● **PROBLEM STATEMENT**
Once the line containing "Annales de la" is found in the records below, return it and each following line exactly, up to and including the line containing "3PC Pixie Skirt", and nothing else.

● **SUPPLIED INFORMATION**
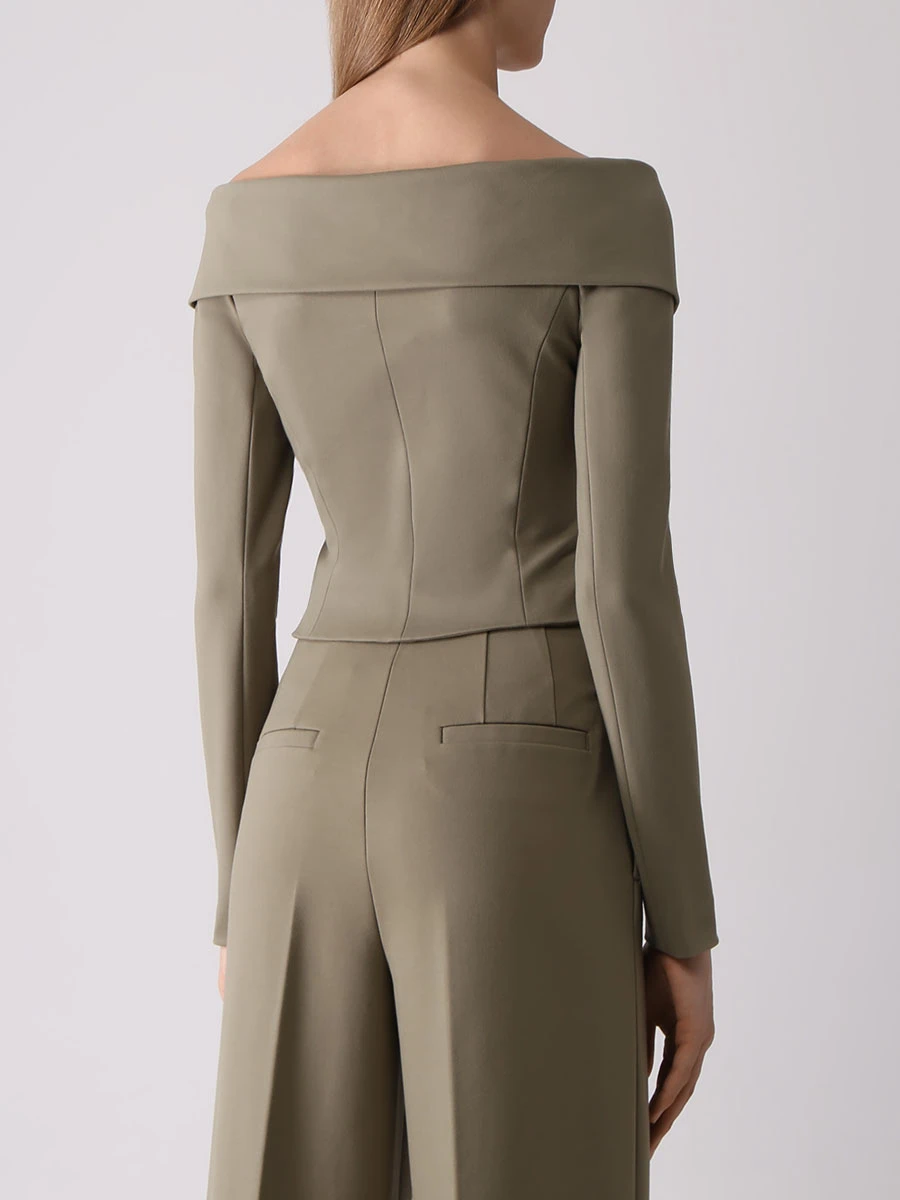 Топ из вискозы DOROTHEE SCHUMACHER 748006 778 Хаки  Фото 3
...
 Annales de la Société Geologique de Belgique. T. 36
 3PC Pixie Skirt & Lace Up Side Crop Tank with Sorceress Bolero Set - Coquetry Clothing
--
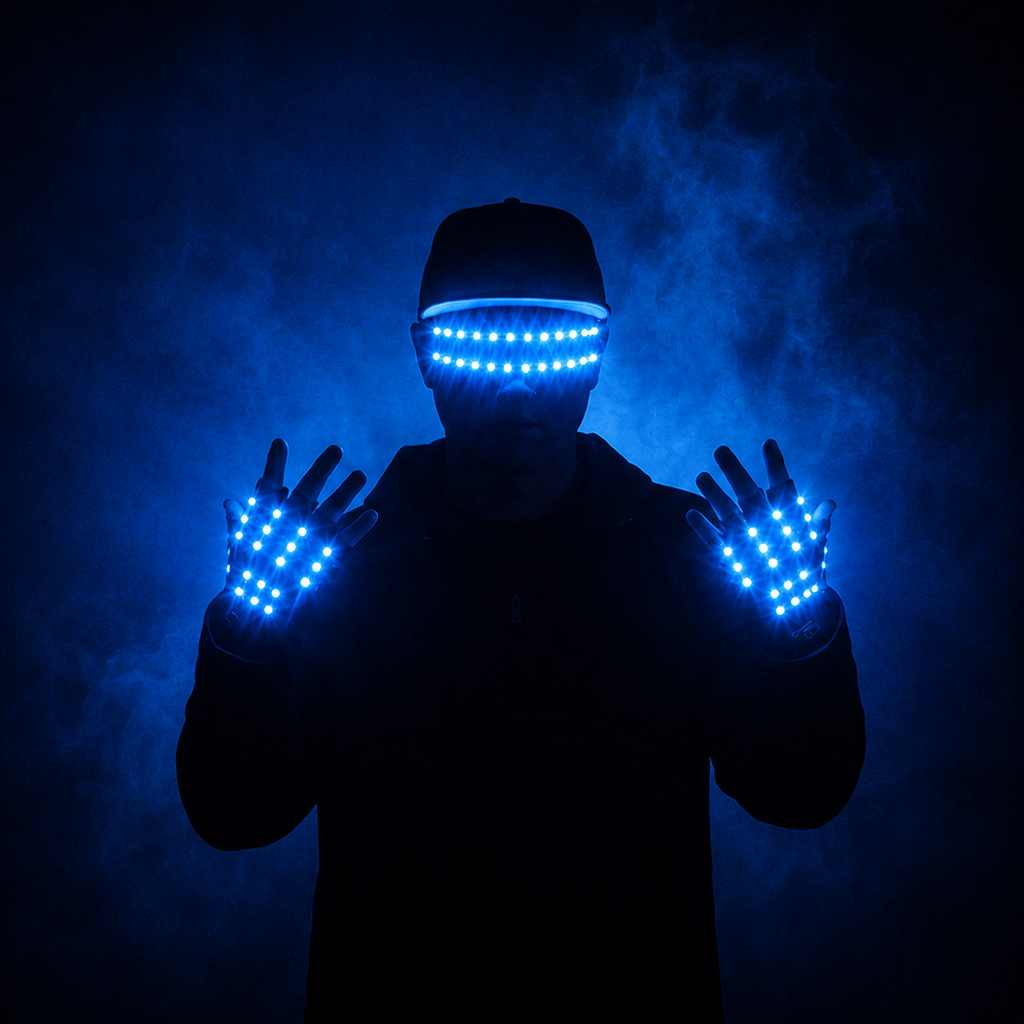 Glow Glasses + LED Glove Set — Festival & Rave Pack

● **WRITTEN SOLUTION**
 Annales de la Société Geologique de Belgique. T. 36
 3PC Pixie Skirt & Lace Up Side Crop Tank with Sorceress Bolero Set - Coquetry Clothing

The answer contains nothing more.